Municipal Guide Arkansas Pulaski County

Pulaski County Building Permit Guide

How to get a building permit in Pulaski County, Arkansas - local AHJ routing, Arkansas Fire Prevention Code, county and city permits, fees, inspections, and closeout. 2026 guide.

Authority: Pulaski County local city, county, floodplain, and state specialty permitting authoritiesUpdated: June 2026Population: 404,611
Jurisdiction
Pulaski County
Population
404,611
Permit authority
Pulaski County local city, county, floodplain, and state specialty permitting authorities
Updated
June 2026
Alliance Permitting
Permit expediting, document preparation, and jurisdiction coordination

This guide summarizes the practical permitting path for projects in Pulaski County, Arkansas, with a focus on jurisdiction selection, documentation, plan-review coordination, Arkansas Fire Prevention Code compliance, inspections, and closeout.
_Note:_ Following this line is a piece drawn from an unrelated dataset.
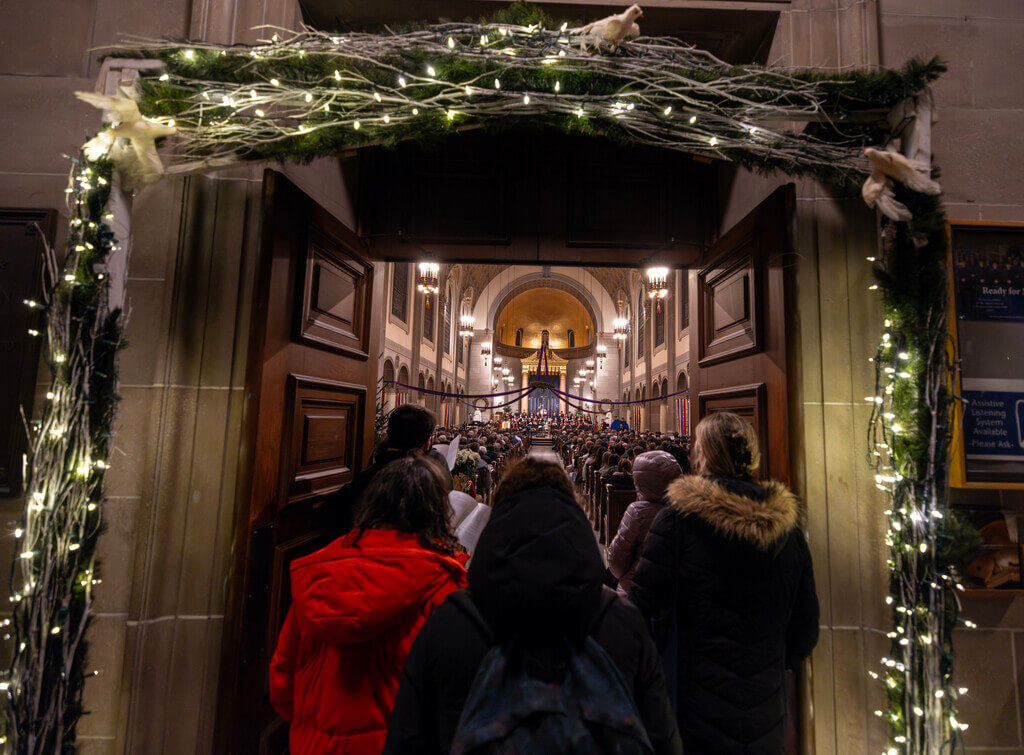 People stand at the decorated doorway of a church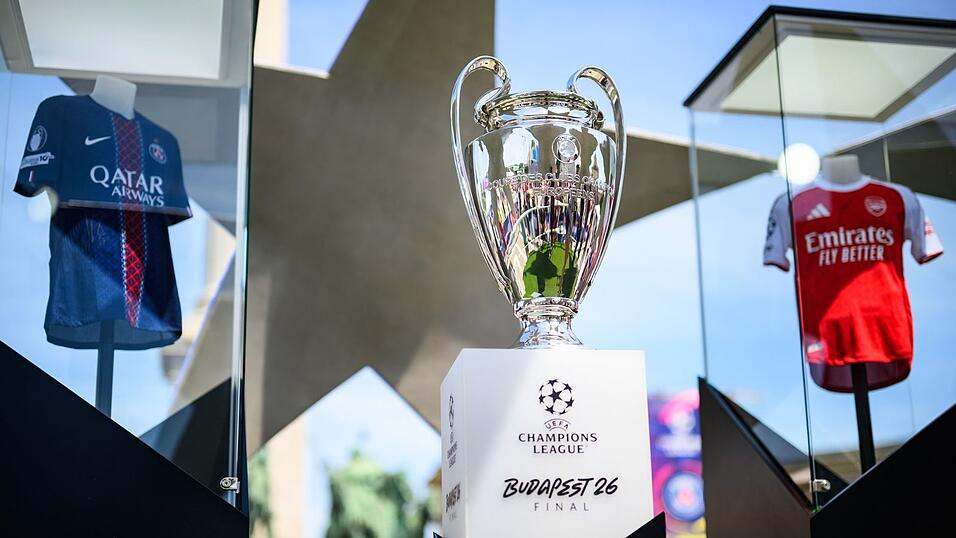Der Pokal der Champions League steht zwischen den Trikots der Finalteams Paris Saint-Germain und FC Arsenal. Der Pokal der Champions League steht zwischen den Trikots der Finalteams Paris Saint-Germain und FC Arsenal.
Arkansas county guides should not assume one uniform countywide building-permit workflow. Confirm whether the parcel is inside a city, town, or unincorporated area, then route the application to the city building department, county planning/building safety office, floodplain administrator, fire marshal, health department, utility, or state agency that controls the scope. Pulaski County includes Little Rock, North Little Rock, Sherwood, Jacksonville, Maumelle, and unincorporated areas. The county Planning and Development Department publishes planning, land-use, floodplain, stormwater, watershed, and application-form resources, while incorporated cities run separate building-code divisions and permit workflows.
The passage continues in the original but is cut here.